Charles Hathaway & Sons

Charles Hathaway was at Triumph ‘from the beginning’ and was the Triumph cycle works, Works Engineer. His successor, Col Holbrook described Hathaway as a ‘genius.’
Charles Walter Hathaway
1864 September Born in St. Pancras, London
(20 Carlton Rd, St Pancras, London)
1901 Living at 11 Stoke Park, Coventry: Charles Hathaway (age 36 born London), Foreman in Cycle Works. With his wife Kate (age 27 born Coventry) and their children Grace (age 12 born London), Horace (age 6 born Coventry), Vera (age 5 born Coventry) and Sidney (age 4 born Coventry).

1911 Living at Edelweiss, Stoke Park, Coventry: Charles Hathaway (age 46), Cycle Works Manager. With his wife (married 17 years with five children) Kate Hathaway (age 37) and their children Grace Hathaway (age 22), Sidney Hathaway (age 14), Vera Hathaway (age 15), Laure Hathaway (age 5) and Marjorie Hathaway (age 3)

Charles Walter Hathaway Triumph

The Triumph Cycle Company founded by Siegfried Bettmann in 1886. Investment was by George Sawyer who became Chairman. In 1887 Bettmann was joined by Mauritz Schulte who encouraged Bettmann to transform Triumph into a manufacturing company, and Bettmann purchased a site in Coventry. In 1890, Charles Hathaway joined the company.

1905 First all-Triumph machine produced (previous bikes were made under licence – ED) also the first all-British motorcycle, designed by Schulte and Works manager Charles Hathaway. Sells for £45. Uses 3bhp, 300cc side-valve engine. Cruising speed was 30-40 mph, with a top speed 40-50 mph. Production up to 250 per annum (five per week). Engine is the first to have ball bearings on main shaft.

1907 Company moves main production to larger premises on Priory Street and doubles production to 1,000 vehicles. Much Park address still used for service and to produce line of lower-value Gloria cycles and sidecars. Bettmann elected to Coventry City Council.

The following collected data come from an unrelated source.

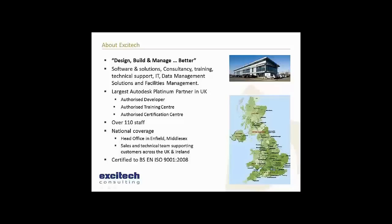So essentially we serve everyone in these three spaces, and our aim is to help you do it better. We are an Autodesk Platinum partner and we're the largest in the UK. We're an authorised developer and have developed our own applications such as the Revit Toolkit, and we're also a training and certification centre. We have over 110 staff and growing, our head office is in Enfield, Middlesex, near North London, and we're certified to ISO 9001 accreditation.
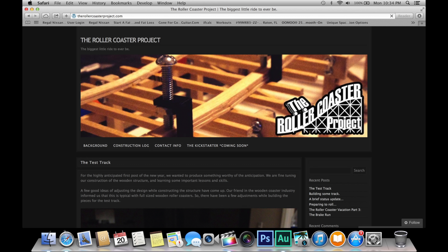I've even started a blog, therollercoasterproject.com, to follow my successes and my failures while I've built my very own working model roller coaster, in the hopes that one day I can build the real thing.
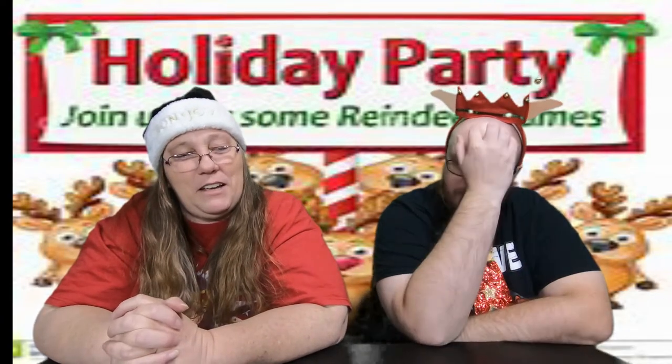The next one is Reindeer Hide and Seek — you count, run, and hide. There's also Reindeer Simon Says, which we all know how to play, and then of course there's Reindeer Tag. That would be fun — again, the same thing we all play.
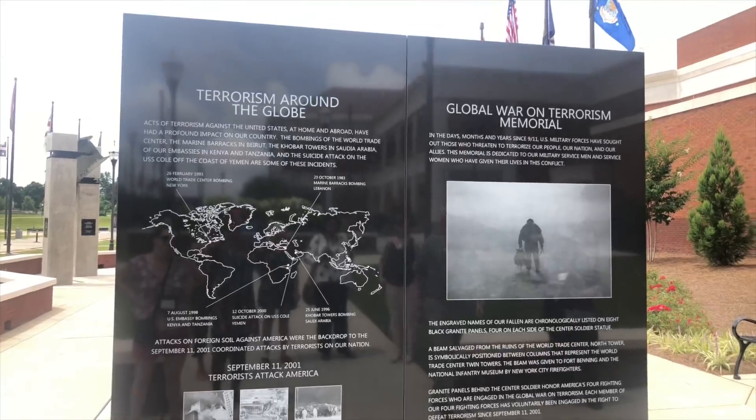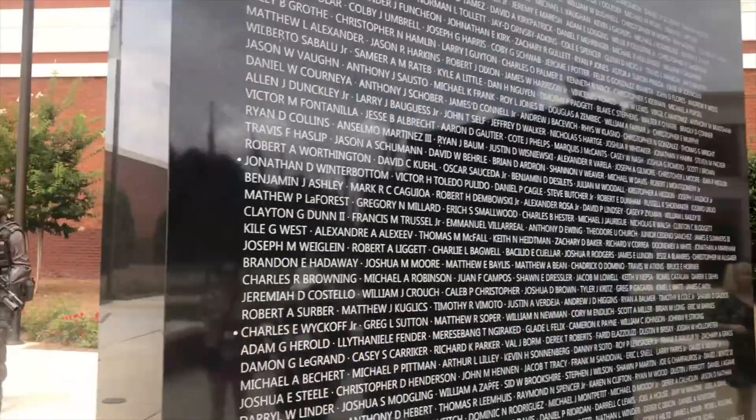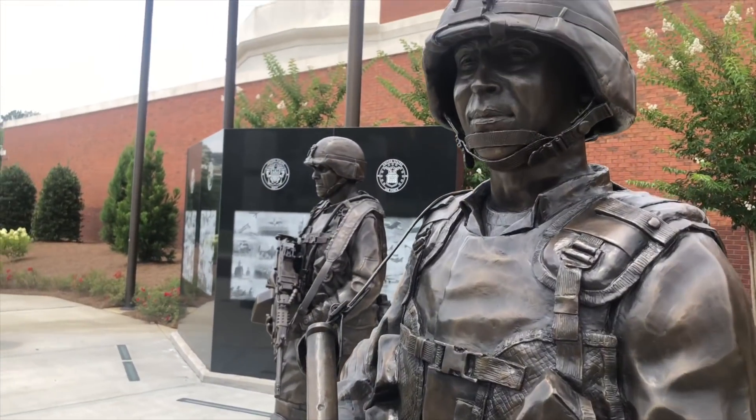The infantry's new national memorial outside was built to honor all those who serve and continue to serve in the battle of the global war on terrorism since 9/11.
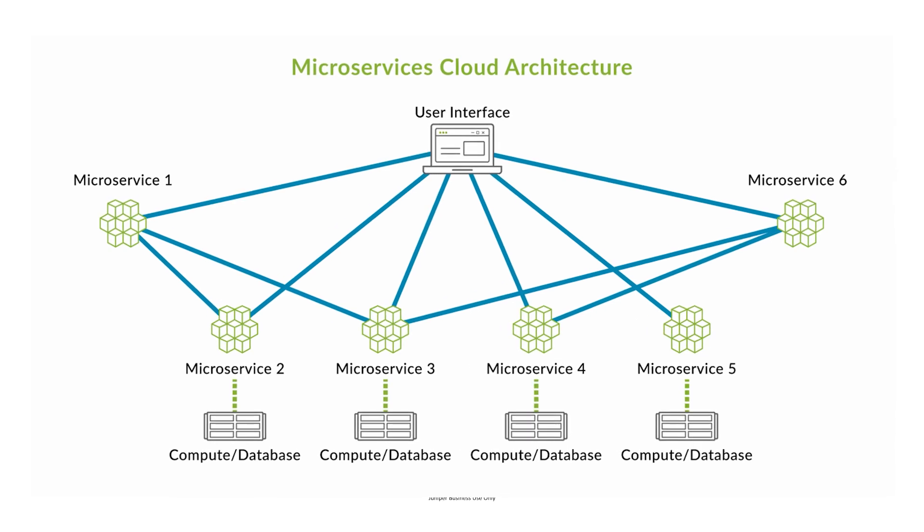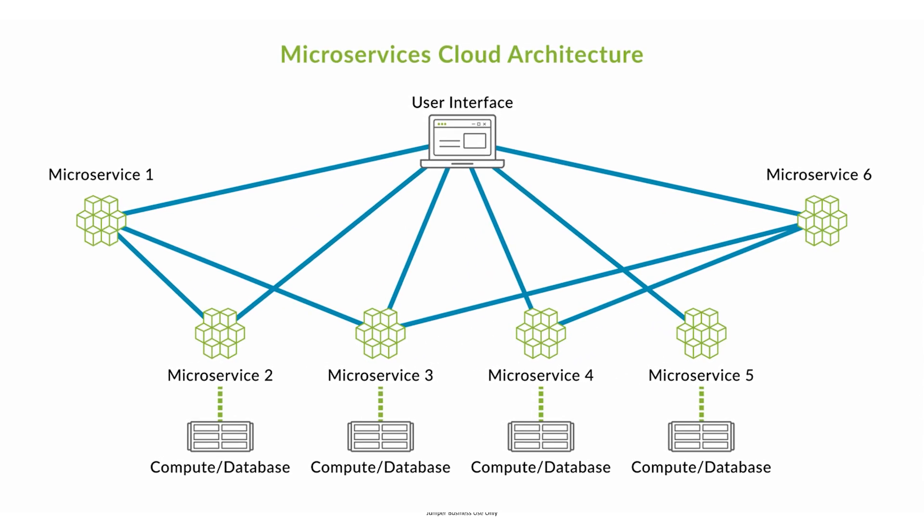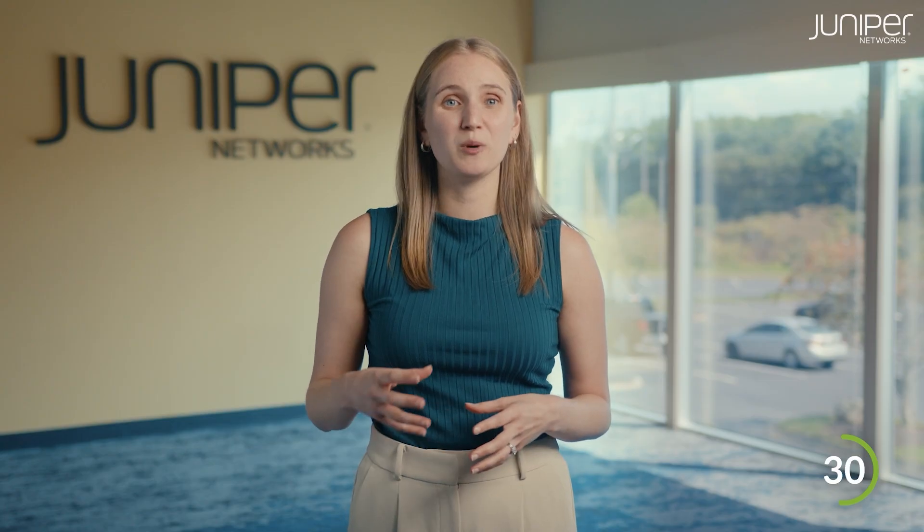It splits up complex network functionalities into smaller, independent services. As new features, upgrades, and bug fixes are pushed frequently, there's no risk of service disruption.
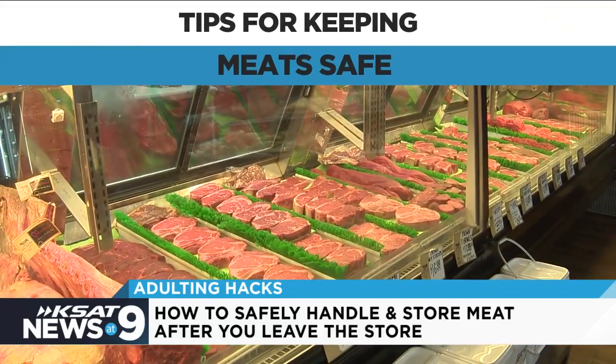What's up guys? Time for another adulting hacks on KSAT News at 9. I'm R.J. and with me is Joe Doria. He is the market manager at Boulner's Meat Company, of course the San Antonio institution. And today we're going to talk to Joe about keeping your meat safe. Know when you're going to use it.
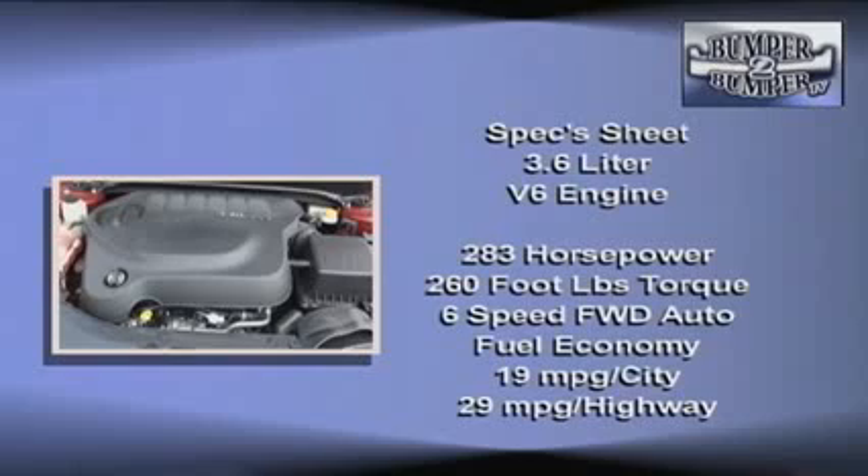There is also a 3.6-liter V6 motor that offers 283 horsepower and 260 foot-pounds of torque, only available with a six-speed gearbox.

1914 By 1914, the company was producing 4,000 singles annually. Hathaway is now Triumph’s chief designer. The main vehicle is the 550c Type A Roadster, which produced 4 hp and used the reliable Bosch high-tension magneto.

1915 tragedy was to strike the company, with the death of the works manager Charles Hathaway. Hathaway had held this post from the beginning and was held in much esteem by Bettmann, the workforce and the local community alike. His death at the age of fifty-one, after an operation, was a sad loss to all concerned.

***

Sidney Cornelious Hathaway (references also as Sydney) Son
Following in his fathers footsteps, Sidney had been employed at the factory as a pupil engineer. He was killed in action on the Western Front. In October 1915, just three months after the death of his father, he enlisted as a private in the Motor Machine Gun Corps. By the end of the year he had transferred to the Royal Flying Corps and in January 1916 was serving as an observer with 11 Squadron on the Somme.

On the 12th of January he set off on a reconnaissance mission in an FB5 aircraft piloted by Lt H.T. Kemp. Some time into their mission they had the misfortune to be attacked by the German ace Max Immellman and the aircraft was brought down near Beaumetz. Lt Kemp survived the action and was captured, but a local newspaper, The Coventry and Warwickshire Graphic, reported that Mrs Hathaway, had received news that her son too was a prisoner of war. Sidney in fact had been killed in the attack, but how the confusion arose is not clear. Presumably his unit, on hearing of the pilot’s capture, had assumed that the same fate had befallen young Hathaway.

Lawrence Hathaway (Son)
Pupil engineer (Apprentice – Ed) with Triumph Motor Co., 1921-24; then joined Hotchkiss et Cie, Paris; returned to England and worked in Experimental Department of Standard Motor Co., until becoming a draughtsman with Bristol Aeroplane Co. in 1930; joined experimental staff of Humber-Hillman 1931, Coventry Climax Engines, Ltd., as experimental engineer, 1933, and S.S. Cars, Ltd., as experimental engineer in 1935; became Chief Engineer, Coventry Climax, in 1938, and served on the Board of Directors, 1942-46.
Lawrence Hathaway Triumph

1905 Birthplace: Coventry, West Midlands, England, United Kingdom
Death: 1959

 

ED Ref. The Triumph build records were lost on the night of 14th November 1940 when the Triumph Works were destroyed in one of the heaviest World War 2 air attacks on Coventry.